Church sex abuse scandals in East Timor met by silence, but Pope Francis’ visit brings new attention

A billboard welcoming Pope Francis stands above a mural honoring Bishop Belo and three others as national heros in Dili, East Timor, Wednesday, Aug. 14, 2024. (AP Photo/Achmad Ibrahim)

 

By  NINIEK KARMINI, DAVID RISING and NICOLE WINFIELD
Updated 7:03 AM EDT, August 28, 2024
DILI, East Timor (AP) — When the Vatican acknowledged in 2022 that the Nobel Peace Prize-winning, East Timorese independence hero Bishop Carlos Ximenes Belo had sexually abused young boys, it appeared that the global clergy sexual abuse scandal that has compromised the Catholic Church’s credibility around the world had finally arrived in Asia’s newest country.

And yet, the church in East Timor today is stronger than ever, with most downplaying, doubting or dismissing the claims against Belo and those against a popular American missionary who confessed to molesting young girls. Many instead focus on their roles saving lives during the country’s bloody struggle against Indonesia for independence.

Pope Francis will come face to face with the Timorese faithful on his first trip to the country, a former Portuguese colony that makes up half of the island of Timor off the northern coast of Australia. But so far, there is no word if he will meet with victims or even mention the sex abuse directly, as he has in other countries where the rank-and-file faithful have demanded an accounting from the hierarchy for how it failed to protect their children.

Even without pressure from within East Timor to address the scandals, it would be deeply meaningful to the victims if Francis did, said Tjiyske Lingsma, the Dutch journalist who helped bring both abuse cases to light.

“I think this is the time for the pope to say some words to the victims, to apologize,” she said in an interview from Amsterdam.

The day after Lingsma detailed the Belo case in a September 2022 report in De Groene Amsterdammer magazine, the Vatican confirmed that Belo had been sanctioned secretly two years earlier.

In Vatican spokesman Matteo Bruni’s statement, he said the church had been aware of the case since 2019 and had imposed disciplinary measures in 2020, including restrictions on Belo’s movements and a ban on voluntary contact with minors.

Despite the official acknowledgement, many in East Timor still don’t believe it, like Dili university student Martinha Goveia, who is still expecting Belo will show up to be at Francis’ side during his upcoming visit.

If he’s not there, she said, “that is not good in my opinion,” because it will confirm he is being sanctioned by the Vatican.

Vegetable trader Alfredo Ximenes said the allegations and the Vatican’s acknowledged sanctions were merely rumors, and that he hoped Belo would come to welcome the pope and refute the claims in person.

“Our political leaders should immediately meet him to end the problem and persuade him to return, because after all he has contributed greatly to national independence,” Ximenes said.

Timorese officials refused to answer questions about the Belo case, but there’s been no attempt to avoid mentioning him, with a giant billboard in Dili welcoming Pope Francis, whose visit starts Sept. 9, placed right above a mural honoring Belo and three others as national heroes.
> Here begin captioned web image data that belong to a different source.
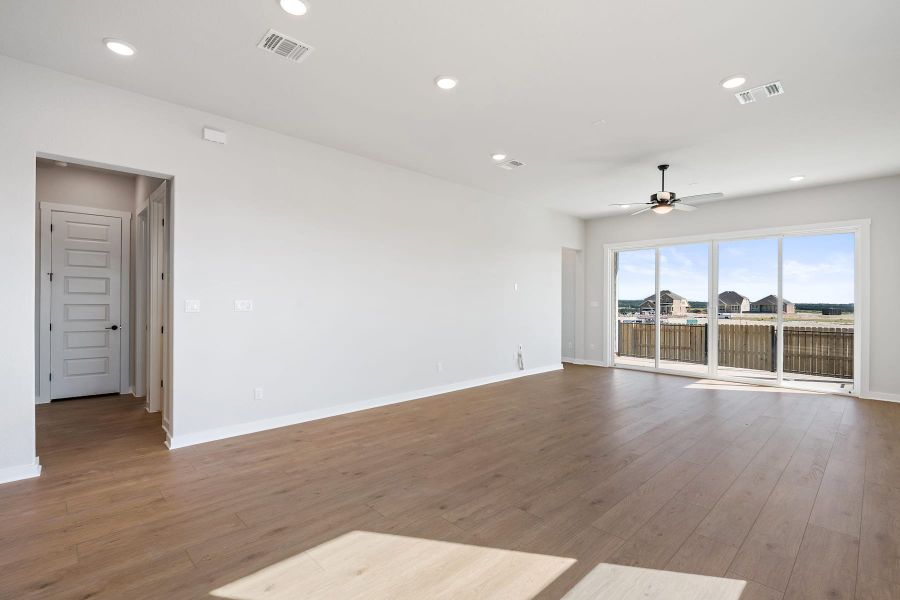 Spacious, unfurnished interior of a new home in Lariat, Liberty Hill (Image 27).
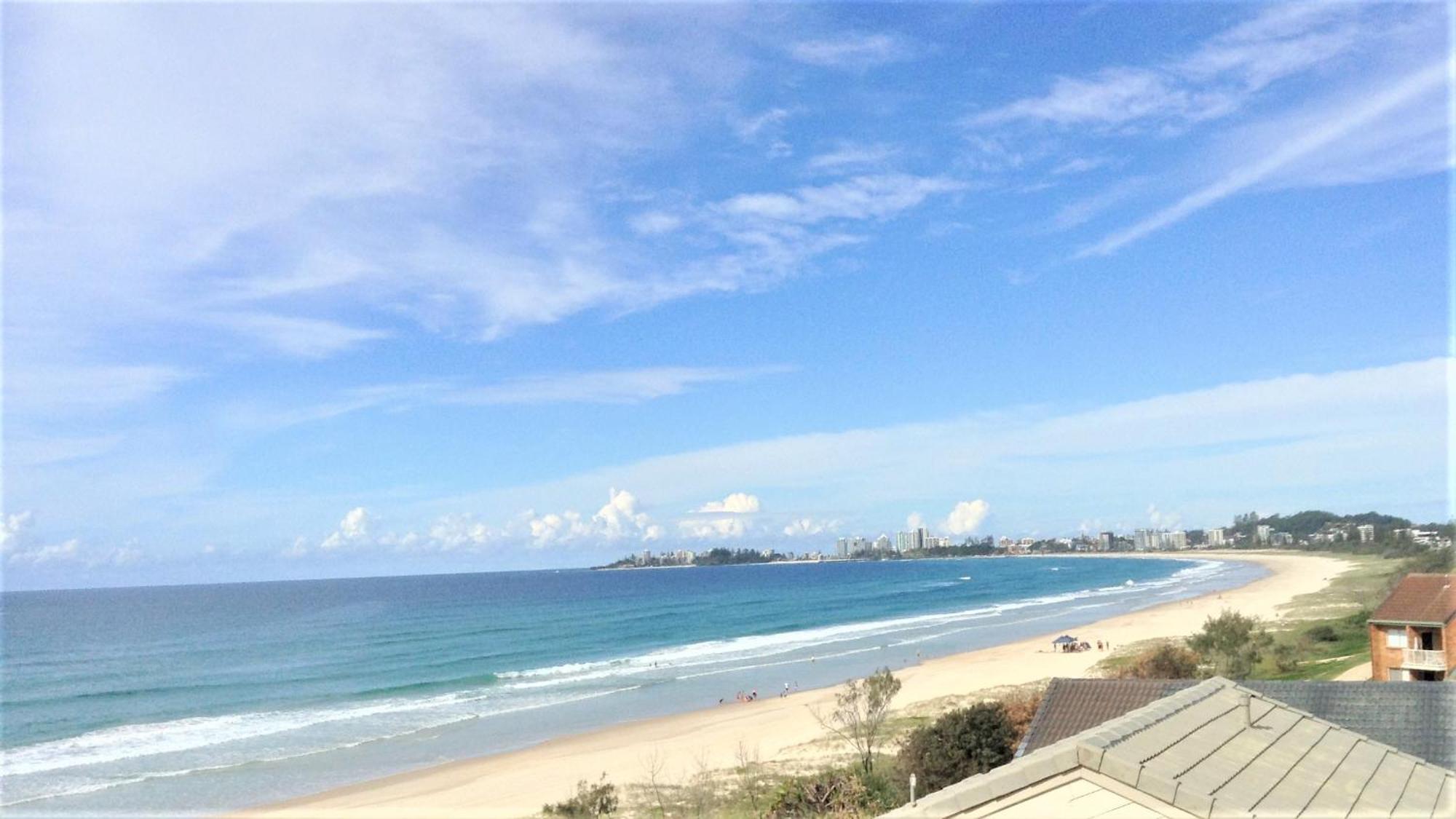 Pacific Surf Absolute Beachfront Apartments Gold Coast Bagian luar foto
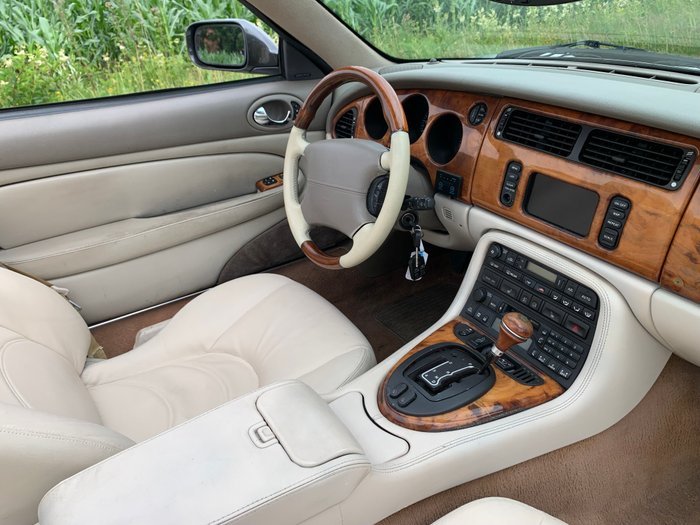Jaguar - XKR - 2001 - Image 26
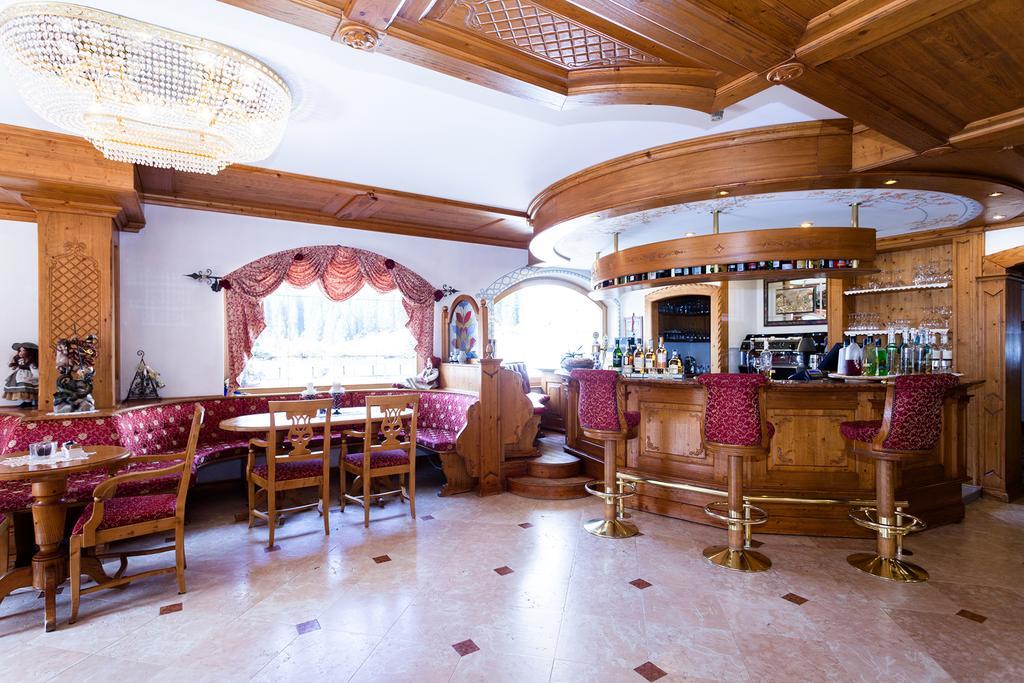 Hotel Vienna San Martino Di Castrozza Exteriör bild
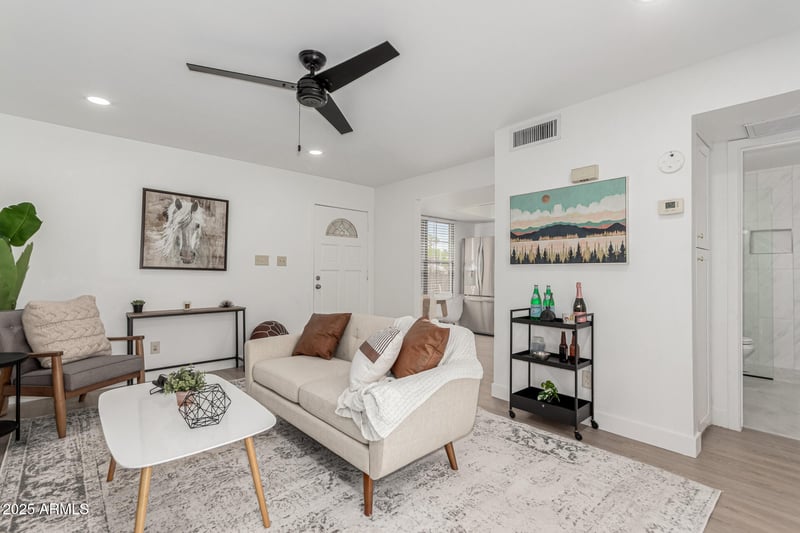 515 Saguaro Way, Mesa, AZ 85208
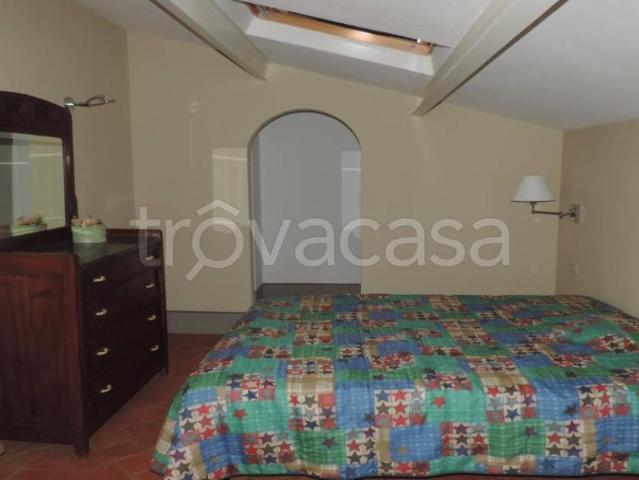 Affittasi appartamento a Cascina, Centro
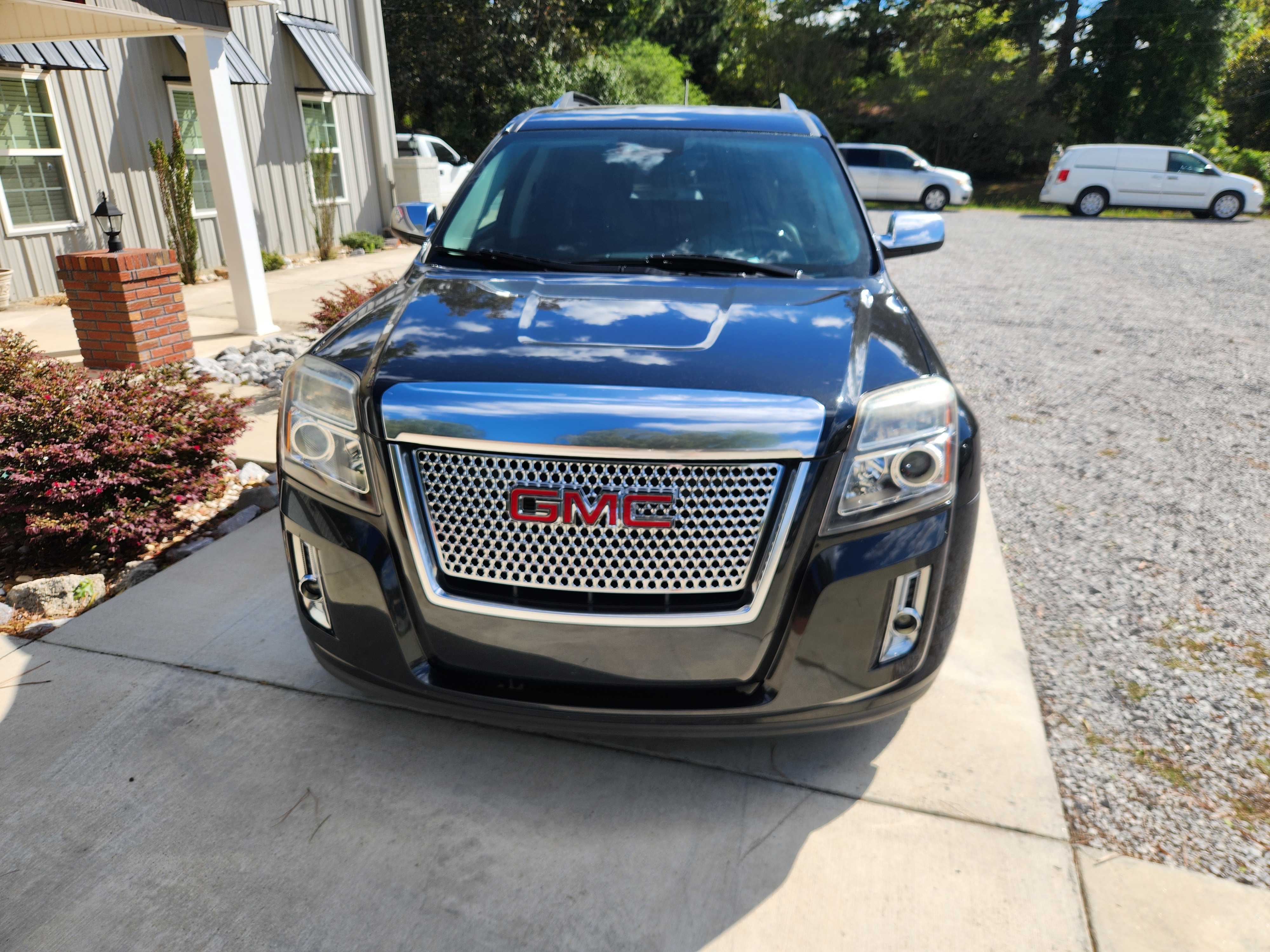 Used 2013 GMC Terrain FWD Denali image 3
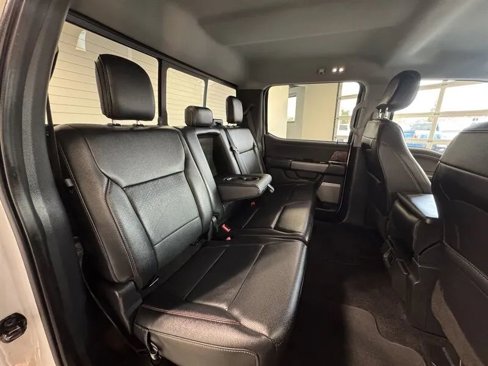 Used 2021 Ford F150 Lariat w/ Max Trailer Tow Package image 26
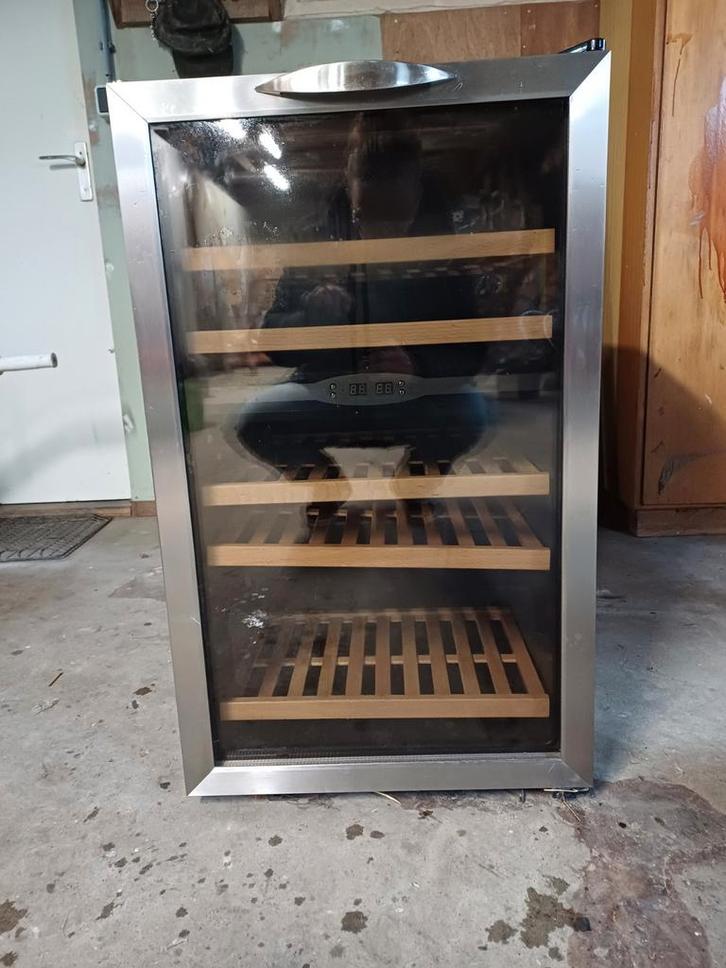 Wijnklimaatkast - Perfecte Bewaring voor Uw Wijn!, Witgoed en Apparatuur, Koelkasten en IJskasten, Gebruikt, Zonder vriesvak, 75 tot 100 liter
Only about 20% of East Timor’s people were Catholic when Indonesia invaded in 1975, shortly after Portugal abandoned it as a colony.

Today, some 98% of East Timor’s 1.3 million people are Catholic, making it the most Catholic country in the world outside the Vatican.

A law imposed by Indonesia requiring people to choose a religion, combined with the church’s opposition to the military occupation and support for the resistance over years of bloody fighting that saw as many as 200,000 people killed, helped bring about that flood of new members.

Belo won the Nobel Peace Prize for his bravery in drawing international attention to Indonesian human rights abuses during the conflict, and American missionary Richard Daschbach was widely celebrated for his role in helping save lives in the struggle for independence.

Their heroic status, and societal factors in Asia, where the culture tends to confer much power on adults and authority figures, helps explain why the men are still revered while elsewhere in the world such cases are met with outrage, said Anne Barrett Doyle, of the online resource Bishop Accountability.

“Bishops are powerful, and in developing countries where the church is dominant, they are inordinately powerful,” Barrett Doyle said.

“But no case we’ve studied exhibits as extreme a power differential as that which exists between Belo and his victims. When a child is raped in a country that is devoutly Catholic, and the sexual predator is not only a bishop but a legendary national hero, there is almost no hope that justice will be done."

In 2018, as rumors built against Daschbach, the priest confessed in a letter to church authorities to abusing young girls from at least 1991 to 2012.

“It is impossible for me to remember even the faces of many of them, let alone the names,” he wrote.

The 87-year-old was defrocked by the Vatican and criminally charged in East Timor, where he was convicted in 2021 and is now serving 12 years in prison.